The opinion of the court was delivered by: Judge Caputo



Presently before the Court is Magistrate Judge Blewitt's Report and Recommendation ("R & R") of January 19, 2011 (Doc. 10) and Plaintiff's Objections (Doc. 11), as well as Plaintiff's Motion for Leave to Proceed in forma pauperis (Docs. 2). Magistrate Judge Carlson recommended that Plaintiff's Motion to Proceed in forma pauperis be granted solely for the purpose of filing this action. The Magistrate Judge also recommended that Plaintiff's Complaint be dismissed but that Plaintiff be granted leave to file a petition for habeas corpus. The Court will adopt Magistrate Judge Carlson's R & R for the reasons discussed more fully below.


As the Magistrate Judge stated in his R&R, the legal and factual bases of Plaintiff's Complaint and the relief sought are somewhat difficult to decipher. The Complaint, brought against the judge at Plaintiff's criminal trial, arises out of Plaintiff's 2007 conviction in the Court of Common Pleas of Lackawanna County. Plaintiff appears to be alleging that there were procedural errors made with respect to his trial that entitle him to relief under 42 U.S.C. § 1983 under a number of constitutional provisions, specifically, the "4th, 5th, 6th, 8th, 13th, [and] 14th Amendments." Simultaneous with filing his pro se Compliant, Plaintiff applied to proceed in forma pauperis. (Doc. 2 .) As a result, the Magistrate Judge screened Plaintiff's Complaint under 28 U.S.C. § 1915, which includes the requirement that a complaint filed in forma pauperis be dismissed if it fails to state a claim on which relief may be granted. 28 U.S.C. § 1915(e)(2)(B).

Applying the Federal Rules of Civil Procedure 12(b)(6) standard to Plaintiff's Complaint, the Magistrate Judge in his R&R first recommended the dismissal of the Complaint on three grounds: (1) private individuals cannot bring criminal complaints; (2) defendant was entitled to judicial immunity; and (3) the complaint was time-barred. The Magistrate Judge further recommended that the Complaint be dismissed without prejudice so that Plaintiff be able to file a proper habeas corpus petition pursuant to 28 U.S.C. § 2254 if that was Plaintiff's actual intent.

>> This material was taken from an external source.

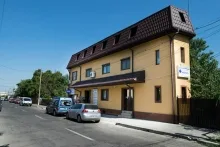 Veterinarul Cabinet veterinar Buzau - HelpVet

Plaintiff then filed his Objections to the R&R on January 26, 2011. (Doc. 11.) In his Objections, Plaintiff attempts to add Kurt Lynott, the Assistant District Attorney in Plaintiff's criminal trial, to his Complaint. Plaintiff also argues that his Complaint is not time-barred because he only learned of the harm in August 2009. Finally, Plaintiff brings new allegations in his Objections, including claims that his sentencing was unlawful. For purposes of this Opinion, the Court will allow the addition of Mr. Lynott to Plaintiff's Complaint.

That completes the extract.